Le 3ème président fut Khamenei, l'actuel Guide Suprême qu ia réussi à garder son job et sa vie pendant 8 années, surtout parce qu'il ne sait pas commettre d'impair en parlant. Le 4ème président Ali Akbar Hashemi Rafsanjani, a lui aussi accompli les 2 mandats de 4 ans, pendant que Khamenei consolidait sa position en tant que "Guide Suprême". Pendant toutes ces années, Khamenei n'était pas assez puissant pour marginaliser Rafsanjani qui avait réussi à construire un réseau d'alliés politiques et de partenaires d'affaires. Le 5ème président, Mohamed Khatami, dont le mandat arrive à expiration, a été le témoin de la montée en puissance de Khamenei entre 1997 et 2005. Khatami laisse une présidence diminuée que son successeur aura du mal à réhabiliter. Et cependant, c'est précisément Rafsanjani, le favori de l'élection, qui prétend redorer le blason de la fonction.

 

Beaucoup de responsables européens et quelques américains ont mis tous leurs espoirs dans un Rafsanjani, supposé modéré et pragmatique, pensant qu'il changerait la politique qui a mis le République Islamique en opposition frontale avec le monde extérieur, notamment les Etats-Unis.

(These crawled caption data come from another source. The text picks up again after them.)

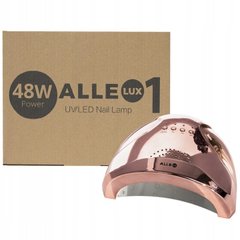 LED+УФ лампа Allepaznokcie Allelux 1 48 Вт розовое золото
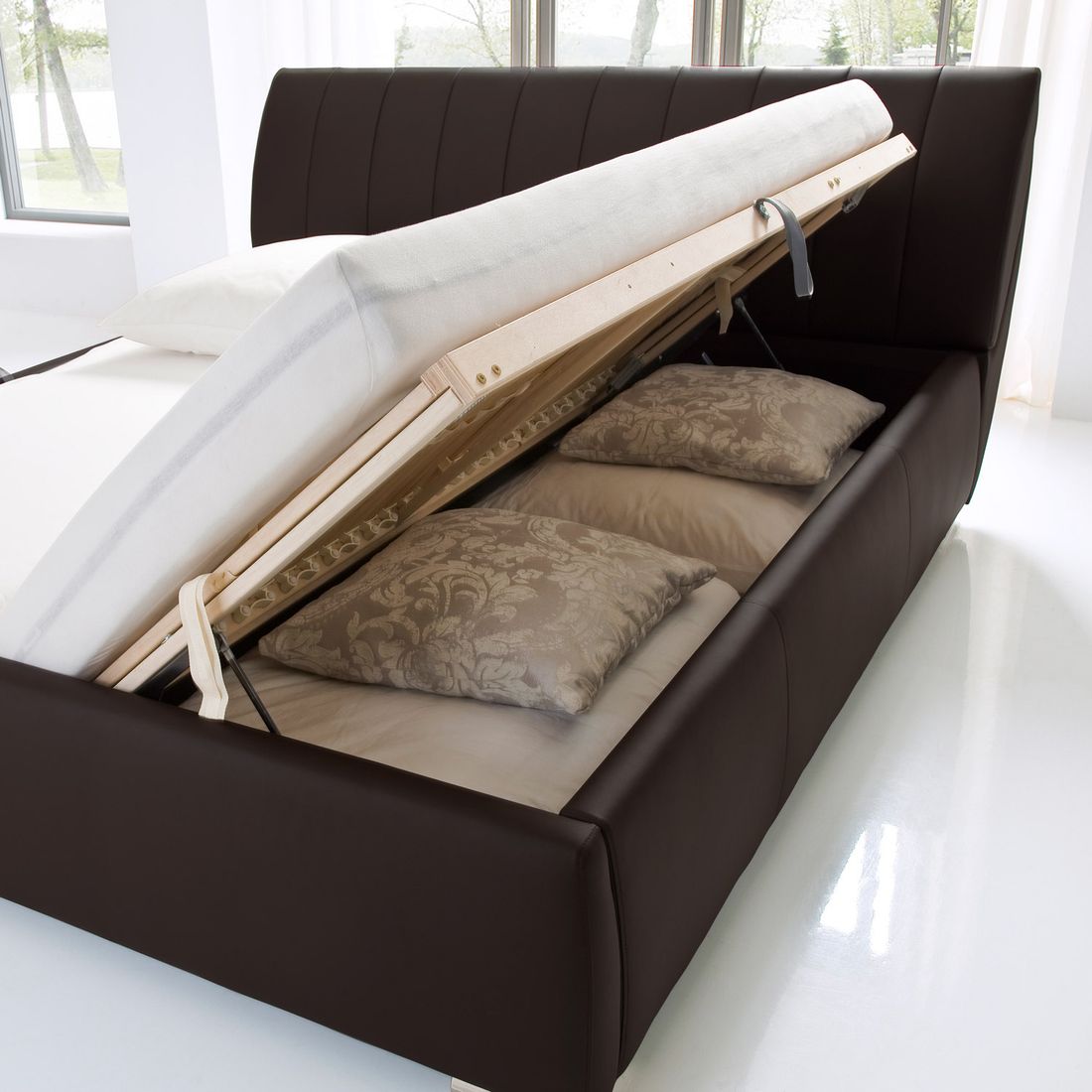 Polsterbett Lewdown Komfort mit Bettkasten und Lattenrost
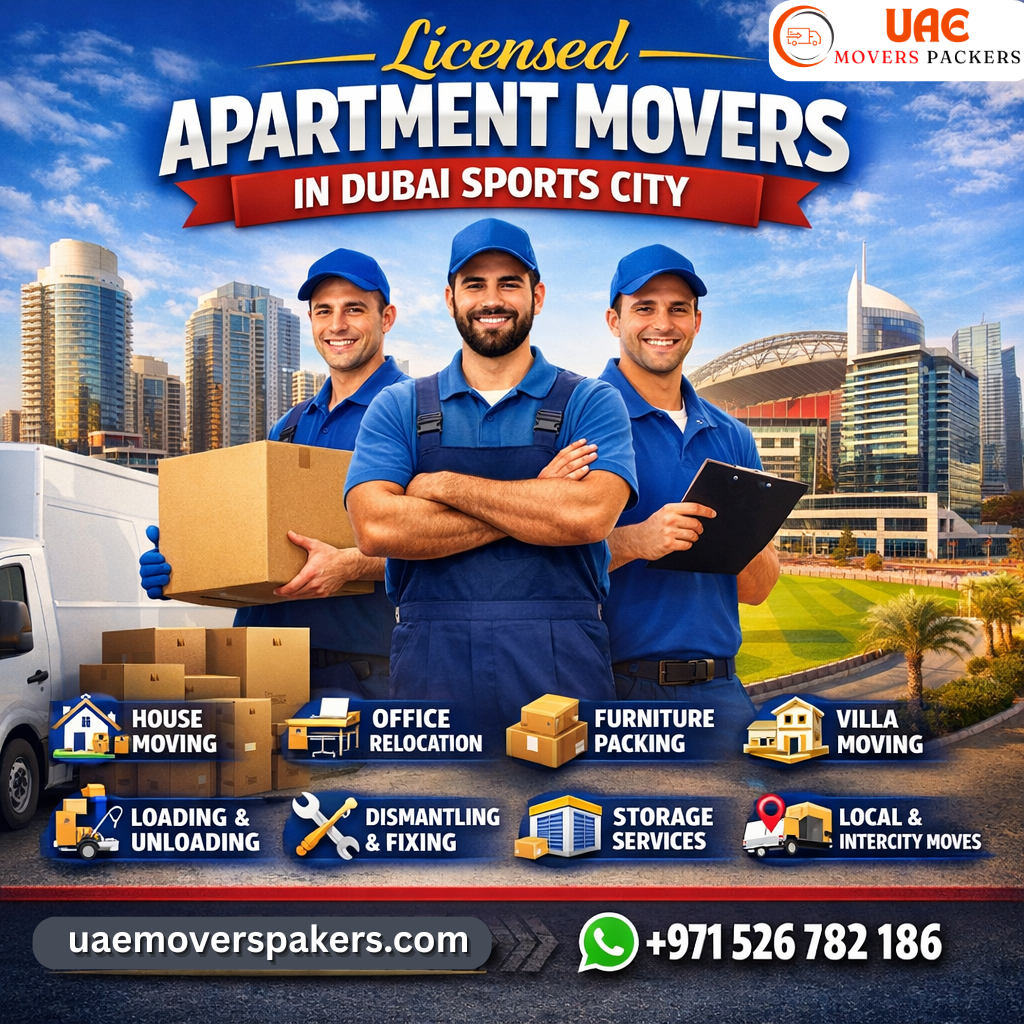 Licensed Apartment Movers in Dubai Sports City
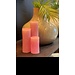 Dekocandle cylinder candle pink dia  5.7x10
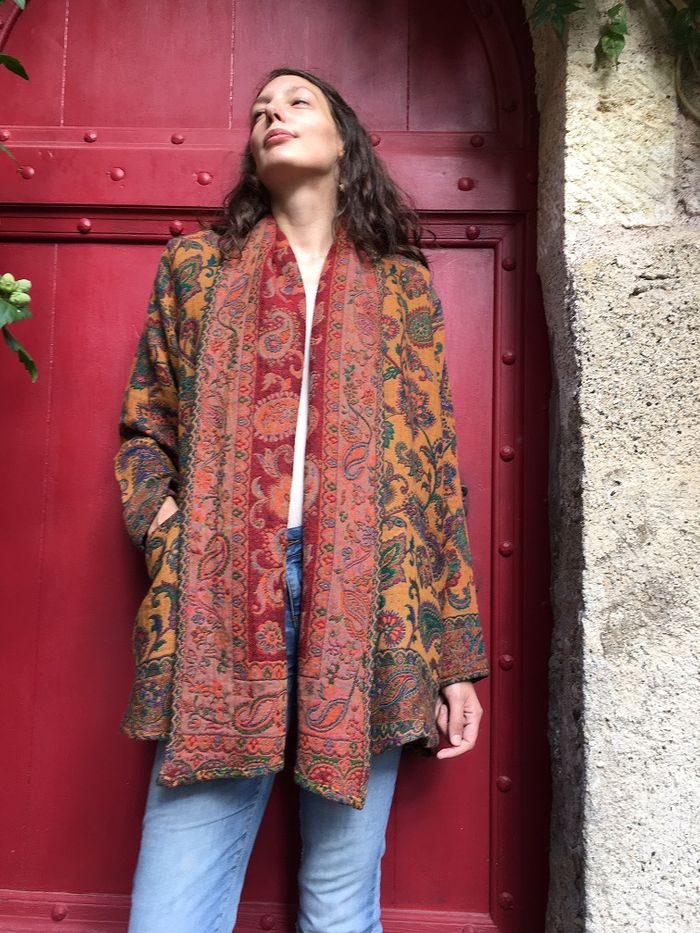 Cosy Tamara Woven – Open Coat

Construire une politique iranienne sur une telle illusion est à la fois naïf et dangereux. Rafsanjani pourrait bien être un négociateur pragmatique, peut-être même qu'il voudrait éviter un choc frontal avec la plus grande puissance du globe. Mais a-t-il le pouvoir de le faire? La réponse est NON!

Élu, il dépendra d'une organisation contrôlée par les radicaux intégristes ayant des prétentions messianiques et qui voient comme étrangers des gens tels que Rafsanjani.

Dans le même temps, la majorité du peuple, qui ne s'identifie pas du tout avec le régime, n'a aucune raison de soutenir Rafsanjani dans cette querelle de famille khomeyniste. Le résultat pourrait bien être une nouvelle version du jeu que joue l'UE, appuyée aujourd'hui par l'administration Bush, depuis déjà 5 ans. Ce jeu s'appelle l'"engagement constructif". Ce jeu a empêché les démocraties d'avoir une politique cohérente vis à vis d'un régime qui ne fait pas mystère de ses ambitions régionales et même planétaires. L'élection de Rafsanjani pourrait être le signal que Khamenei et les autres décideurs de son entourage souhaitent continuer la stratégie du "on triche et on se retire" dont le but est de diviser l'Occident, tout en donnant à la République Islamique suffisamment de temps pour acquérir la capacité nucléaire dont elle a besoin pour être reconnue comme "puissance" ou "super puissance régionale". Si d'un autre côté, si l'un des protégés de Khamenei, Ali Larijani ou Mohamed Baqer Qalibaf émerge comme gagnant, cela signifierait que le Guide Suprême souhaite s'impliquer directement pour résoudre la problématique de la place future de l'Iran au Moyen Orient, tel que l'a redessiné l'Amérique. C'est aussi une des raisons de cet exercice bizarre présenté comme une élection. Cela vaut le coup de voir.